◆ What is required: Without carrying over a single picture, write out the records below exactly.
※ ※ ※
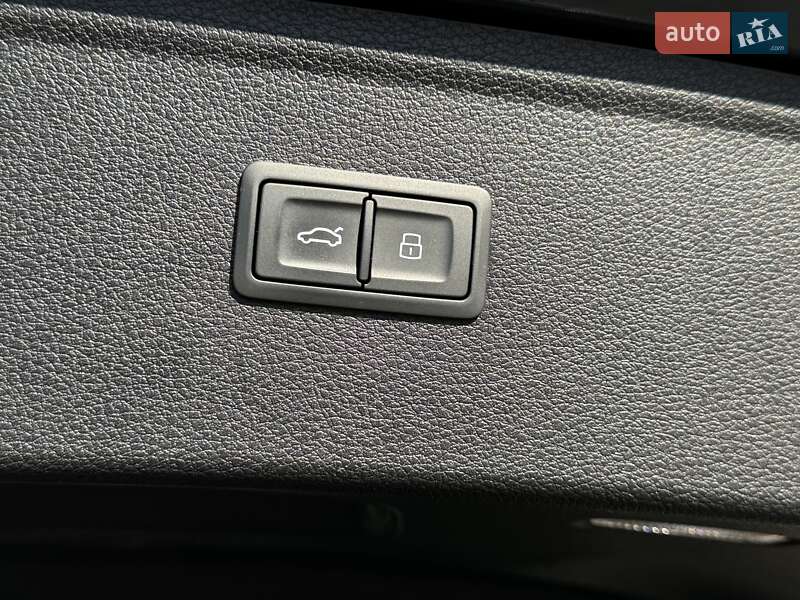 Внедорожник / Кроссовер Audi Q5 2019 в Одессе фото 16 Внедорожник / Кроссовер Audi Q5 2019 в Одессе
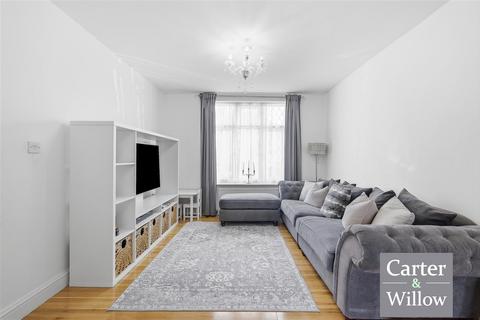 2 bedroom terraced house for sale, Fanshawe Crescent, Dagenham, Essex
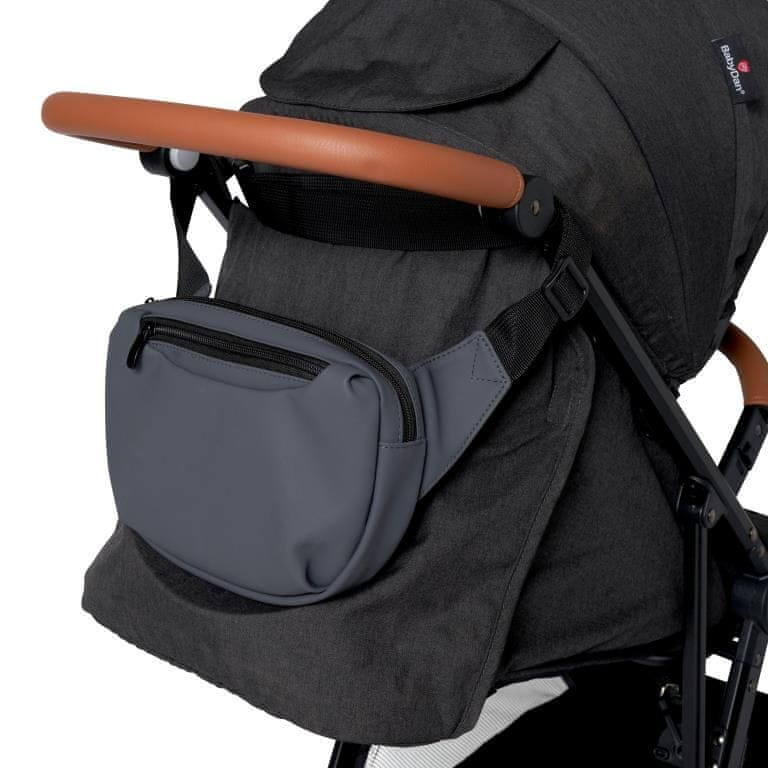 Levně BabyDan On-the-go Bag Grey,přebalovací crossbody taška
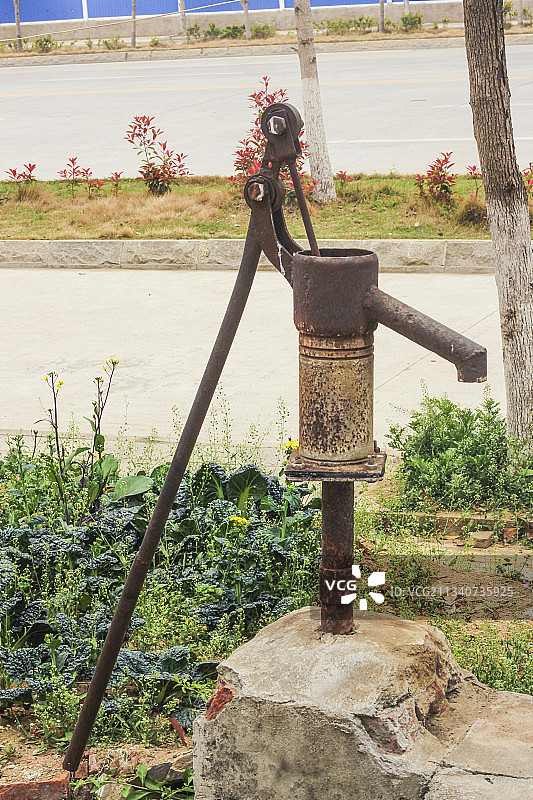 路边的压水井图片素材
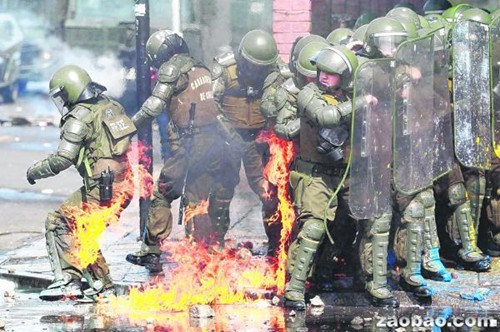 ��������ʾ��Ҫ�󹫲�40��ǰ��������������ͻ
※ ※ ※
◆ Exercise output:
 Внедорожник / Кроссовер Audi Q5 2019 в Одессе фото 16 Внедорожник / Кроссовер Audi Q5 2019 в Одессе
 2 bedroom terraced house for sale, Fanshawe Crescent, Dagenham, Essex
 Levně BabyDan On-the-go Bag Grey,přebalovací crossbody taška
 路边的压水井图片素材
 ��������ʾ��Ҫ�󹫲�40��ǰ��������������ͻ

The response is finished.